The final case is when the data server shut down, either gracefully or as a result of a crash. The application server maintains the application state and tries to reconnect to the data server for the Time to wait for recovery setting (20 minutes by default). The data server remembers the application server connections that were active at the time of the crash or shutdown; after restarting, it waits up to thirty seconds for those application servers to reconnect and recover their connections. Recovery involves several steps on the data server, some of which involve the data server journal file in very significant ways. The result of the several different steps is that:

The data server’s view of the current active transactions from each application server has been restored from the data server’s journal file.
The data server’s view of the current active Lock operations from each application server has been restored, by having the application server upload those locks to the data server.
The application server and the data server agree on exactly which requests from the application server can be ignored (because it is certain they completed before the crash) and which ones should be replayed. Therefore, the last recovery step is to simply let the pending network requests complete, but only those network requests that are safe to replay.
Finally, the application server delivers to the data server any pending unlock or rollback indications that it saved from jobs that halted while the data server was restarting. All guarantees are maintained, even in the face of sudden and unanticipated data server crashes, as long as the integrity of the storage devices (for database, WIJ, and journal files) are maintained.

During the recovery of an ECP-configured system, InterSystems IRIS guarantees a number of recoverable semantics which are described in detail in ECP Recovery Guarantees.

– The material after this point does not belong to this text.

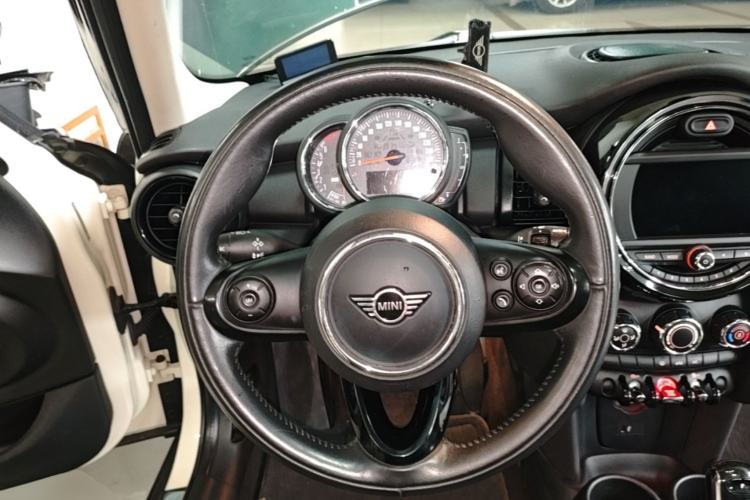 Used MINI 2020 1.5T ONE Five-Door Edition Steering Wheel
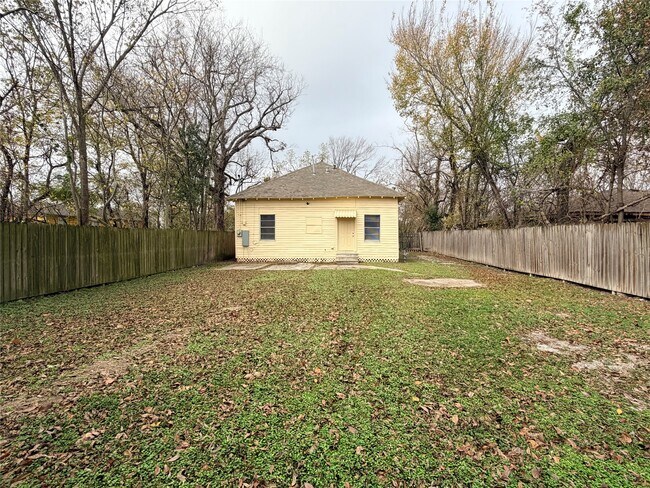 Building Photo - 2212 Semmes St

Limitations to these guarantees are described in detail in ECP Recovery Limitations.

ECP Recovery Guarantees

During the recovery of an ECP-configured system, InterSystems IRIS guarantees the following recoverable semantics:

In the description of each guarantee the first paragraph describes a specific condition. Subsequent paragraphs describe the data guarantee applicable to that particular situation.

In these descriptions, Process A, Process B and so on refer to processes attempting update globals on a data server. These processes may originate on the same or different application servers, or on the data server itself; in some cases the origins of processes are specified, in others they are not germane.

In-order Updates Guarantee

Process A updates two data elements sequentially, first global ^x and next global ^y, where ^x and ^y are located on the same data server.

If Process B sees the change to ^y, it also sees the change to ^x. This guarantee applies whether or not Process A and Process B are on the same application server as long as the two data items are on the same data server and the data server remains up.

Process B’s ability to view the data modified by Process A does not ensure that Set operations from Process B are restored after the Set operations from Process A. Only a Lock or a $Increment operation can ensure proper ordering of competing Set and Kill operations from two different processes during cluster failover or cluster recovery.

See the Loose Ordering in Cluster Failover or Restore limitation regarding the order in which competing Set and Kill operations from separate processes are applied during cluster dejournaling and cluster failover.

Important:

This guarantee does not apply if the data server crashes, even if ^x and ^y are journaled. See the Dirty Data Reads for ECP Without Locking limitation for a case in which processes that fit this description can see dirty data that never becomes durable before the data server crash.

ECP Lock Guarantee

Process B on DataServer S acquires a lock on global ^x, which was once locked by Process A.

Process B can see all updates on DataServer S done by Process A (while holding a lock on ^x). Also, if Process C sees the updates done by Process B on DataServer S (while holding a lock on ^x), Process C is guaranteed to also see the updates done by Process A on DataServer S (while holding a lock on ^x).

Serializability is guaranteed whether or not Process A, Process B, and Process C are located on the same application server or on DataServer S itself, as long as DataServer S stays up throughout.

Important:

The lock and the data it protects must reside on the same data server.

Clusters Lock Guarantee

Process B on a cluster member acquires a lock on global ^x in a clustered database; a lock once held by Process A.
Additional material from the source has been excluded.